Central planning doesn’t work, so why are we using it for house building?

by Tom Guyton-Day 3 months ago in opinion

Written by Tom Guyton-Day and edited by Lauren Mansey

Central planning doesn’t work, so why are we using it for house building?

With the potential welcoming of over 2.3 million Hong Kongers this morning by Dominic Raab, plus a burgeoning population in the South East, the traditional right of every landowner to build on their own domain ought to be restored. This would help to reduce the supernormal profits seen within the building industry and therefore the price of housing for first time buyers.
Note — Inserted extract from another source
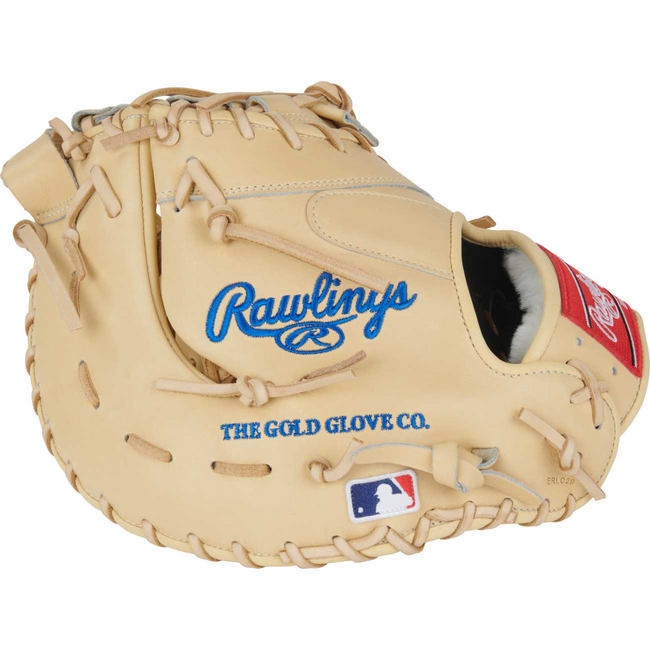 Rawlings Pro Pref. PROSBH3 1st Base 13" RHT B.Harper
The median house price, in England, has gone from £106,000 in 2001 to a staggering £240,000 in September 2019, according to ONS. This rocketing of house prices, primarily due to demand for homes far outstripping supply in much of the country, has meant many people will not buy their first home until well into middle age or possibly not at all.
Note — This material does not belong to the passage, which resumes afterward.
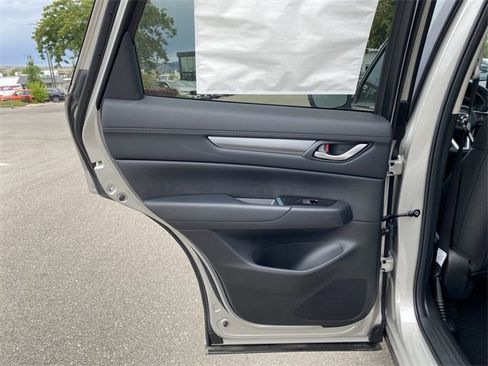 New 2025 MAZDA CX-5 AWD 2.5 S w/ Preferred Package image 25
This situation is set to worsen with few local authorities in a position to support the populations that already occupy them, let alone also support the growth in population in many areas from immigration and the baby boom.

It is time to say enough is enough. Planning is one of the few archaic areas that still relies heavily on central planning from civil servants. Like much of the failed industries of the 1970s, it is time to tear off the plaster and let the market control flow, giving a sensible equilibrium price for buyers and sellers rather than this heavily inflated price environment which gives huge profits to housebuilders and those landowners lucky enough to get planning permission.
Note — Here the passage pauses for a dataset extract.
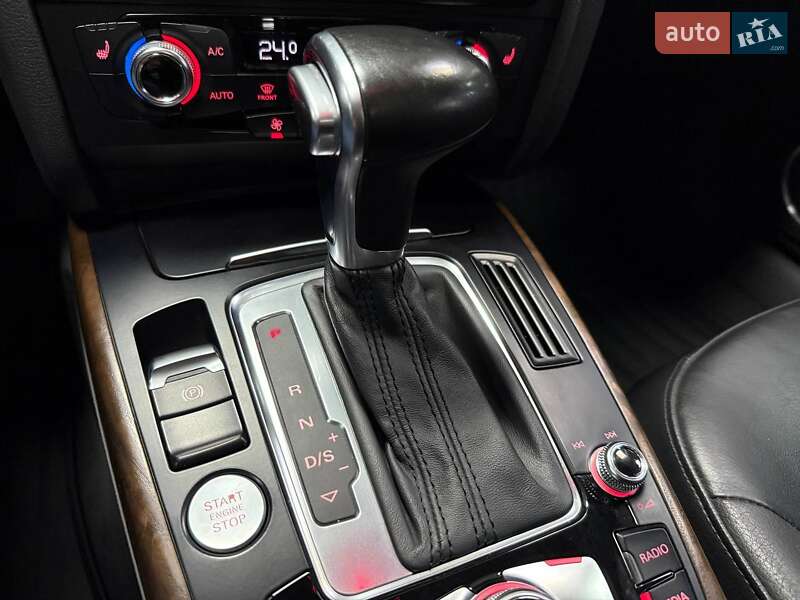 Купе Audi A5 2014 в Киеве фото 36 Купе Audi A5 2014 в Киеве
I was talking to an estate agent last week and we had a very interesting chat, but one key figure amazed me: your average acre in the South East is worth £7-9,000. Get permission though and the land value gets to 1/3 of the retail price of the property once built. So, let’s say the property sells for £370,000: the landowner/housebuilder there has made a staggering sum in profit. Granted a section goes towards the council in tax, but most is profit…

Is it any wonder that the large housebuilders also donate large funds to the Conservative Party (traditionally a neoliberal party – except on this very small section of policy)? Is it at all possible that Governments (Labour ones too) are deliberately restricting house building to protect a very small business interest that hugely benefits from a heavily regulated market, one with only a few large names? This, of course, is pure speculation, but it only takes a small time to join the dots in one’s own head.

It is very well known that large businesses within the South East own vast swathes of land with permission to build but don’t. This has been to the annoyance of local councillors forever, but nothing is being done about it – at all really.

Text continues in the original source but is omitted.